New point - added weight.
No matter what you do, adding a motor will add the weight of the motor, wiring, batteries, and controller. In a modern lithium-something battery this will probably be below 10 kilograms, but that's very roughly doubling the standing weight of the bike. It will feel different with that change, more-so if you mount the batteries high up.
I suggest you buy the bike you want, don't look to mod a brand new bike. A new ebike would have the batteries placed inside the downtube, or aft of the seat tube. This helps overall weight distribution.
A retrofit kit might use up a bottle cage mount which isn't good because as noted, batteries are heavy and two little M5 bolts are barely up to the task.

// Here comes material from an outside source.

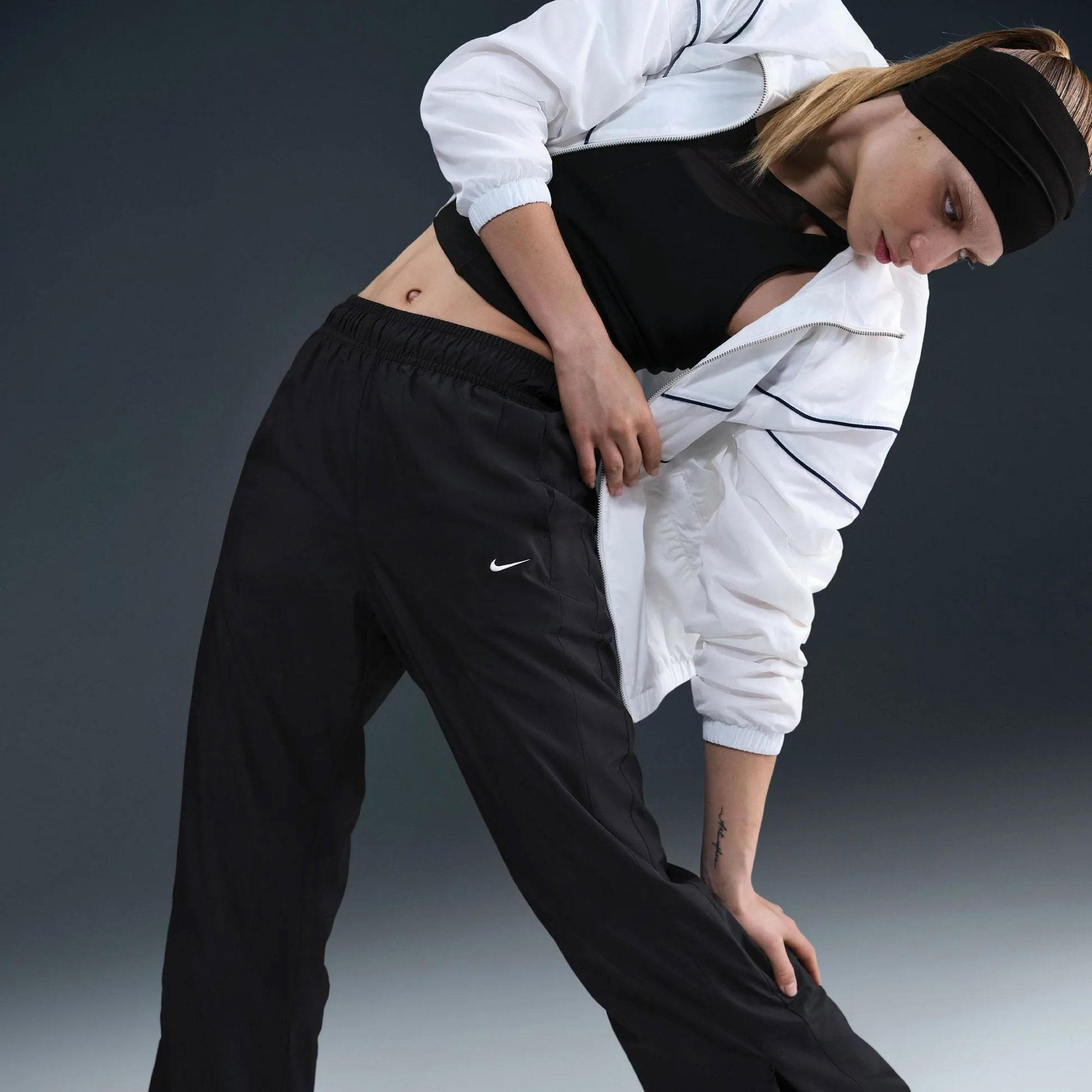 Nike Sportswear Classic Kadın Eşofman Altı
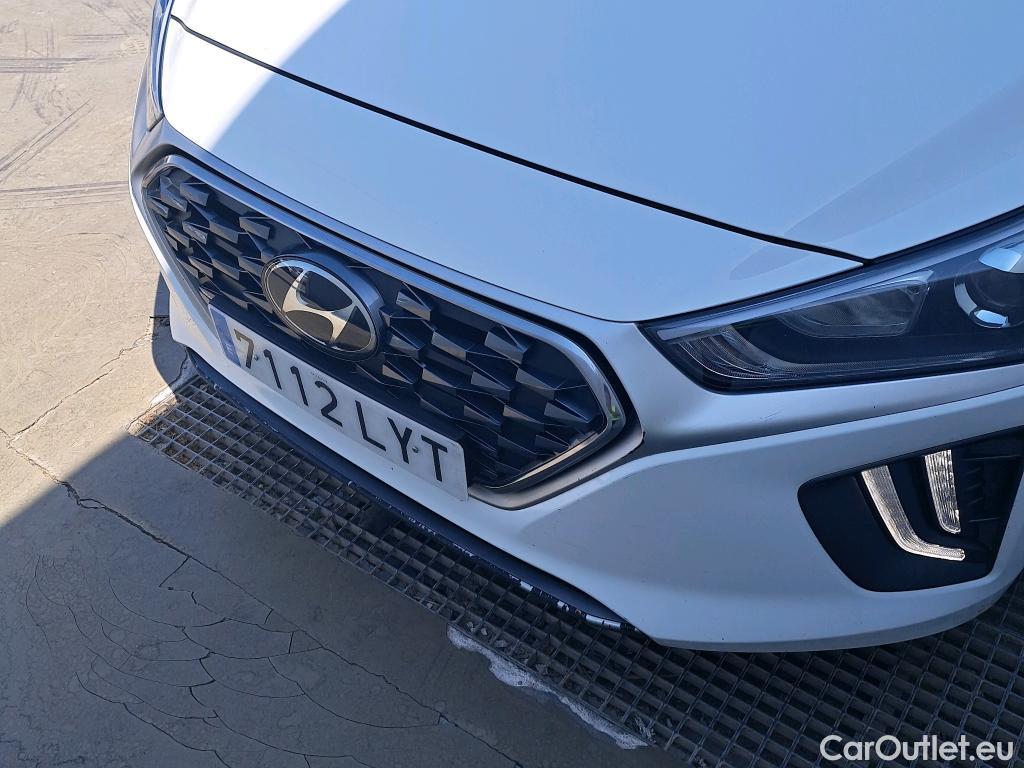  Hyundai   Ioniq HYUNDAI / 2019 / 5P / berlina con portón 1.6 GDI HEV Klass DCT #21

Other retrofit kits include a carrier/rack and locate the batteries high over the rear axle. This is particularly sub-optimal because the added weight is 100% on the rear, which is moving the balance away from the 60/40 ideal.
TL:DR; get the ebike you want - buying a bike to retrofit an electrification kit will result in a poorer bike than one built to be electrified.
Rephrasing that on the question - look for a bike that lets you mount the batteries inside the frame, or in a properly secured way that is low on the frame. Not a bottle cage mount, and not a rack mount. Downside - they don't exist, so if you want an ebike, buy an ebike.